Task goal>
Would you return the listing exactly as written, apart from its pictures?

Given material>

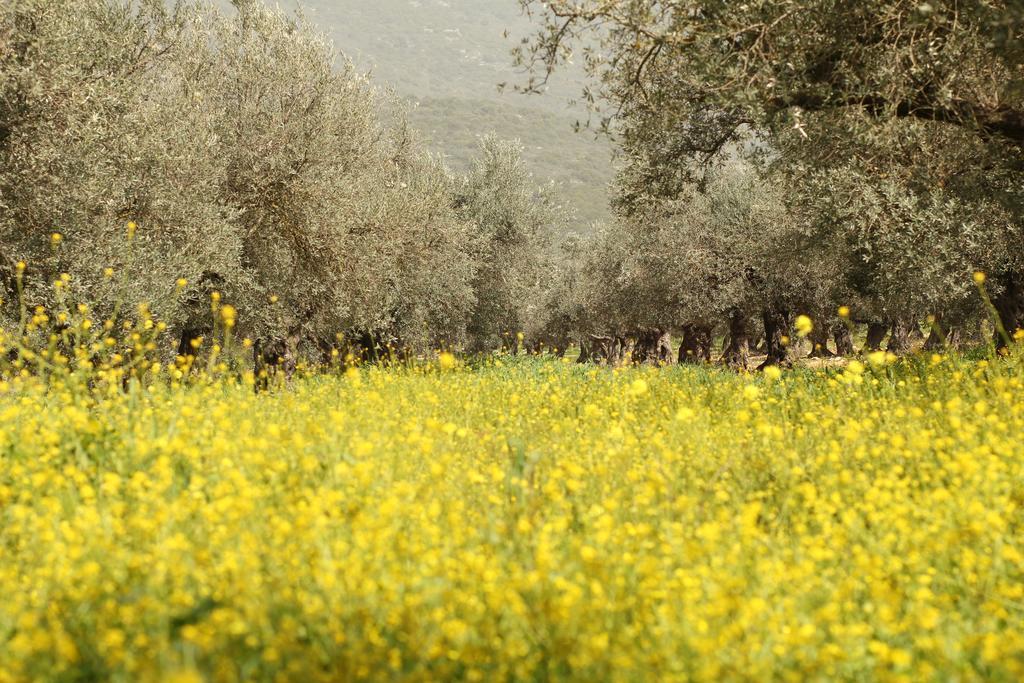 Kibbutz Moran Digital Nomads Village-Adults Only Экстерьер фото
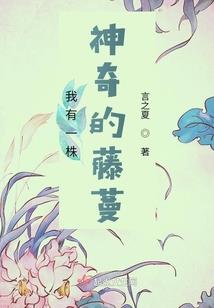 在你喜欢的季节沉睡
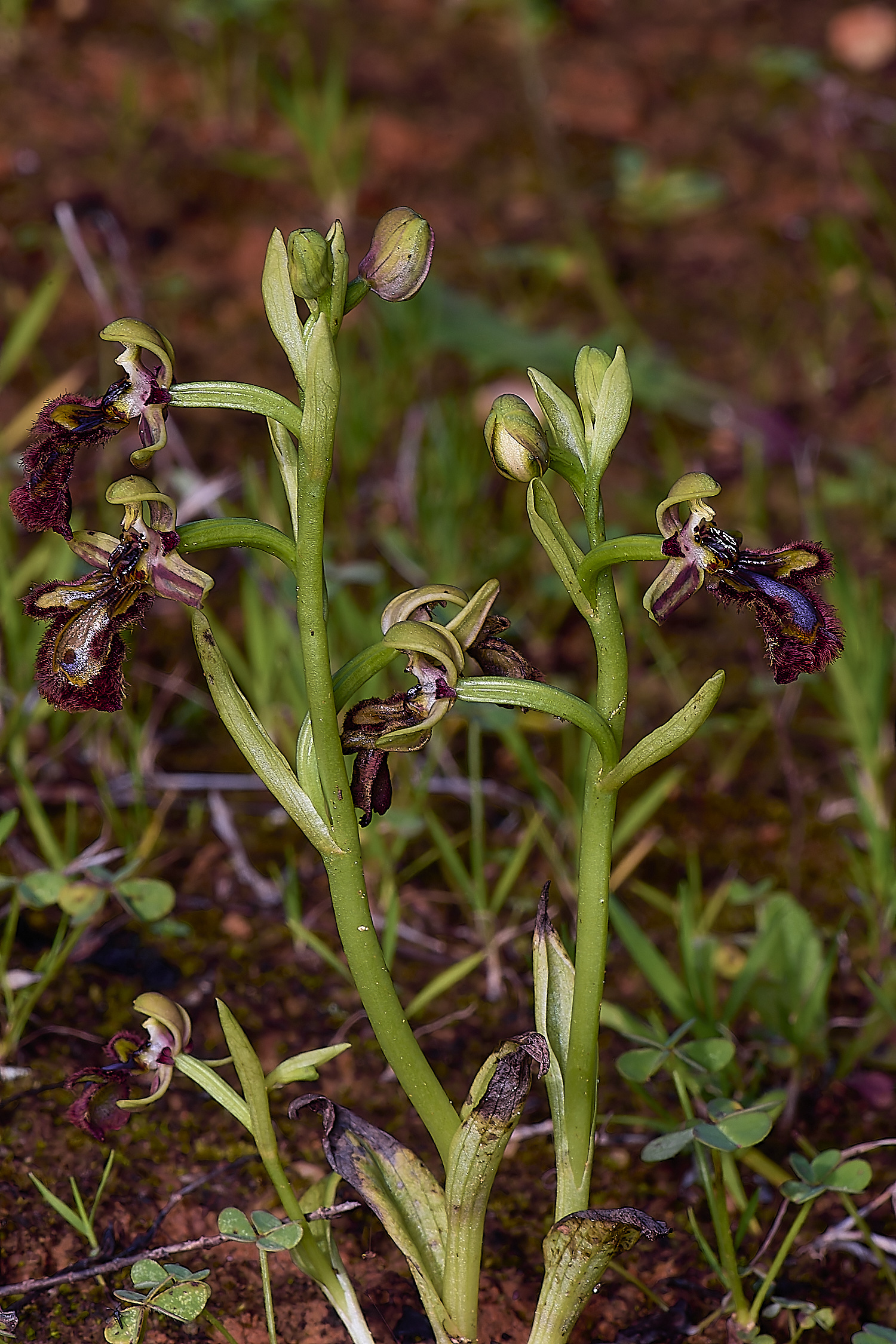 QuintaDaRochaMirror220325-4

Answer box>
 Kibbutz Moran Digital Nomads Village-Adults Only Экстерьер фото
 在你喜欢的季节沉睡
 QuintaDaRochaMirror220325-4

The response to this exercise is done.